- Episode no.: Season 4 Episode 13
- Directed by: Adam Horowitz
- Written by: Andrew Chambliss & Kalinda Vazquez
- Production code: 413
- Original air date: March 8, 2015

Guest appearances
- Kristin Bauer van Straten as Maleficent; Victoria Smurfit as Cruella de Vil/Cruella Feinberg; Merrin Dungey as Ursula/Vanessa; Beverley Elliott as Granny; Tony Amendola as Geppetto/Marco; Jakob Davies as young Pinocchio;

Episode chronology
| ← Previous "Darkness on the Edge of Town" | Next → "Enter the Dragon" |
- Once Upon a Time season 4

= Unforgiven (Once Upon a Time) =

"Unforgiven" is the thirteenth episode of the fourth season of the American fantasy drama series Once Upon a Time, which aired on March 8, 2015.

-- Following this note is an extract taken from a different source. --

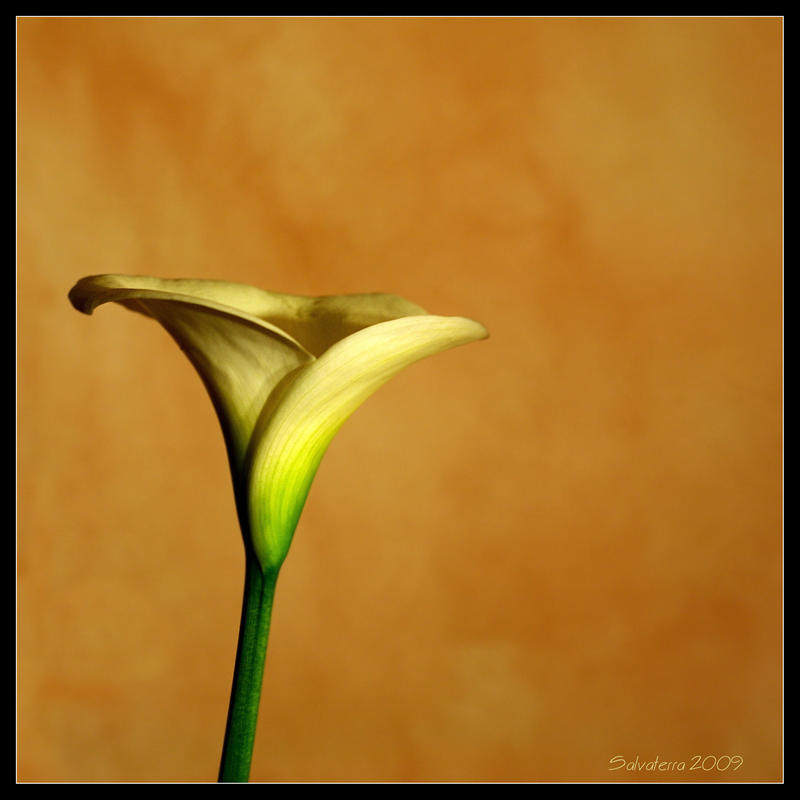 Calla IX by salvaterra on DeviantArt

In this episode, David and Mary Margaret investigate Ursula and Cruella; and Regina and Henry ask Marco and Pinocchio for help, while flashbacks show Snow and David's past with the Queens of Darkness and a dark secret that needs to be hidden.

== Title card ==
Maleficent as a dragon flies through the Enchanted Forest.

==Plot==

===In the Characters' Past===
In the Enchanted Forest, pre-first curse, Snow White and Charming ride back to their castle after their honeymoon to discover everyone in town has been struck by a sleeping spell. They call out for Regina, only to have Maleficent appear to admit the spell was her doing. She then introduces her associates Cruella and Ursula, and says that they have come to make a deal. The Queens tell Snow and Charming that Regina has stolen the darkest curse from Maleficent, and that the tree of wisdom and it can tell them how to defeat Regina and the curse, but it will only answer to two of the most valiant heroes.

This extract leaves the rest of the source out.